Using a debugger simplifies troubleshooting in at least two ways.

First, breakpoints can be set to pause execution at any desired point.
Then, when execution has paused, debugger commands can be issued to
explore the values of various variables or to execute functions.

Second, the debugger allows the display of a stack trace, which shows
the sequence in which functions are called and the arguments to the
various function calls.


@subsection Compiling with debugging information

In order to use a debugger with LilyPond, it is necessary to compile
LilyPond with debugging information.  This is accomplished by ...

TODO -- get good description here, or perhaps add debugging compile
to AU1.1 as it comes to CG and just use a reference here.

TODO -- Test the following to make sure it is true.

If you want to be able to set breakpoints in Scheme functions, it is
necessary to compile guile with debugging information.  This is done
by ...

TODO -- get compiling description for guile here.

@subsection Typical gdb usage

@subsection Typical .gdbinit files

The behavior of gdb can be readily customized through the use of
@var{.gdbinit} files.  A @var{.gdbinit} file is a file named
@var{.gdbinit} (notice the @qq{.} at the beginning of the file name)
  that is placed in a user's home directory.

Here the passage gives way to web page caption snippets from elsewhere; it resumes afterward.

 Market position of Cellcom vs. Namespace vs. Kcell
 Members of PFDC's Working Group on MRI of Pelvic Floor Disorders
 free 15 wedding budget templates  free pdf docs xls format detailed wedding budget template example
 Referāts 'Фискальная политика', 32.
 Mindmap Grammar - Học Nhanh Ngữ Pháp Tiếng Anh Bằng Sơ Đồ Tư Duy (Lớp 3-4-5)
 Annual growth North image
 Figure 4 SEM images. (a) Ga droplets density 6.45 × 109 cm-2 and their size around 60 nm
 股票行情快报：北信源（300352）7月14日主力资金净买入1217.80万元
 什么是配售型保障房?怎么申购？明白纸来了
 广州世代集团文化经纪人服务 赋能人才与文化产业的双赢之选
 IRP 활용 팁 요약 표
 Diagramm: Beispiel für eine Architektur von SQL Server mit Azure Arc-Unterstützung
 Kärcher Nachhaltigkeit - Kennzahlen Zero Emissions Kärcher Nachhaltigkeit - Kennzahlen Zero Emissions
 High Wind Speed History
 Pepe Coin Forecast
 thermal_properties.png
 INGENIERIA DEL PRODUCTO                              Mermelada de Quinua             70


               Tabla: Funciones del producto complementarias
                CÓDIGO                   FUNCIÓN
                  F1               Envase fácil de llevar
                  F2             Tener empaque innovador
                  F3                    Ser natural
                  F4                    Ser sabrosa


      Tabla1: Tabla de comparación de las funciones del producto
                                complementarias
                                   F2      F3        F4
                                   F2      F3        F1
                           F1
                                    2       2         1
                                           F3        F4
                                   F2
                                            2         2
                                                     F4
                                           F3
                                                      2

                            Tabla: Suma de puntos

The @var{.gdbinit} file below is from Han-Wen.  It sets breakpoints
for all errors and defines functions for displaying scheme objects
(ps), grobs (pgrob), and parsed music expressions (pmusic).

@example
file lily/out/lilypond
b scm_error
b programming_error
b Grob::programming_error

define ps
   print ly_display_scm($arg0)
  end
  define pgrob
     print ly_display_scm($arg0->self_scm_)
     print ly_display_scm($arg0->mutable_property_alist_)
     print ly_display_scm($arg0->immutable_property_alist_)
     print ly_display_scm($arg0->object_alist_)
  end
  define pmusic
     print ly_display_scm($arg0->self_scm_)
     print ly_display_scm($arg0->mutable_property_alist_)
     print ly_display_scm($arg0->immutable_property_alist_)
  end
@end example

@subsection Using Guile interactively with LilyPond

In order to experiment with Scheme programming in the LilyPond
environment, it is convenient to have a Guile interpreter that
has all the LilyPond modules loaded.  This requires the following
steps.

First, define a Scheme symbol for the active module
in the .ly file:

@example
#(module-define! (resolve-module '(guile-user))
    'lilypond-module (current-module))
@end example

Second, place a Scheme function in the .ly file that gives an interactive Guile
prompt:

@example
#(top-repl)
@end example

When the .ly file is compiled, this causes the compilation to be interrupted
and an interactive guile prompt to appear.  When the guile prompt appears,
the LilyPond active module must be set as the current guile module:

@example
guile> (set-current-module lilypond-module)
@end example

Proper operation of these commands can be demonstrated by typing the name
of a LilyPond public scheme function to see if it's properly defined:

@example
guile> fret-diagram-verbose-markup
#<procedure fret-diagram-verbose-markup (layout props marking-list)>
@end example

If the LilyPond module has not been correctly loaded, an error
message will be generated:

@example
guile> fret-diagram-verbose-markup
ERROR: Unbound variable: fret-diagram-verbose-markup
ABORT: (unbound-variable)
@end example

Once the module is properly loaded, any valid LilyPond Scheme expression
can be entered at the interactive prompt.

After the investigation is complete, the interactive guile interpreter
can be exited:

@example
guile> (quit)
@end example

The compilation of the .ly file will then continue.